• Problem: Below are some entries. Repeat exactly the lines from the one with "Vibrant watercolor abstract" through the one with "Nekesha Hines-Brown in", and only those.

********************

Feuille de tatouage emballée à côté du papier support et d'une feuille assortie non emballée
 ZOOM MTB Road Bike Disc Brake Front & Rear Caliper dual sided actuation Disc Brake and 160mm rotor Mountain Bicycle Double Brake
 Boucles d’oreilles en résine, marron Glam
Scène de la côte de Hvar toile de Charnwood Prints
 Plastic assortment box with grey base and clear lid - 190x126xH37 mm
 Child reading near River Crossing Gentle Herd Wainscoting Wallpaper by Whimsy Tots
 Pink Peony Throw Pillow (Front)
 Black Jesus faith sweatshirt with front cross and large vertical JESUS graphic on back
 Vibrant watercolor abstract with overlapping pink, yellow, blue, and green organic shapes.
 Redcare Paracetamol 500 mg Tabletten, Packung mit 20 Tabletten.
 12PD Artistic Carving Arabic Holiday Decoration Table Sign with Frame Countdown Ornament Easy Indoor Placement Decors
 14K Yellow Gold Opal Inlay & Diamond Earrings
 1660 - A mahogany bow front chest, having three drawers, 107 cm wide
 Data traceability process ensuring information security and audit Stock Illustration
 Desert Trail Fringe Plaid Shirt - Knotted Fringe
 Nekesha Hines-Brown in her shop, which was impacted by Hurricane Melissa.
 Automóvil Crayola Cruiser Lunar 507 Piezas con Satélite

********************

• Task solution:
 Vibrant watercolor abstract with overlapping pink, yellow, blue, and green organic shapes.
 Redcare Paracetamol 500 mg Tabletten, Packung mit 20 Tabletten.
 12PD Artistic Carving Arabic Holiday Decoration Table Sign with Frame Countdown Ornament Easy Indoor Placement Decors
 14K Yellow Gold Opal Inlay & Diamond Earrings
 1660 - A mahogany bow front chest, having three drawers, 107 cm wide
 Data traceability process ensuring information security and audit Stock Illustration
 Desert Trail Fringe Plaid Shirt - Knotted Fringe
 Nekesha Hines-Brown in her shop, which was impacted by Hurricane Melissa.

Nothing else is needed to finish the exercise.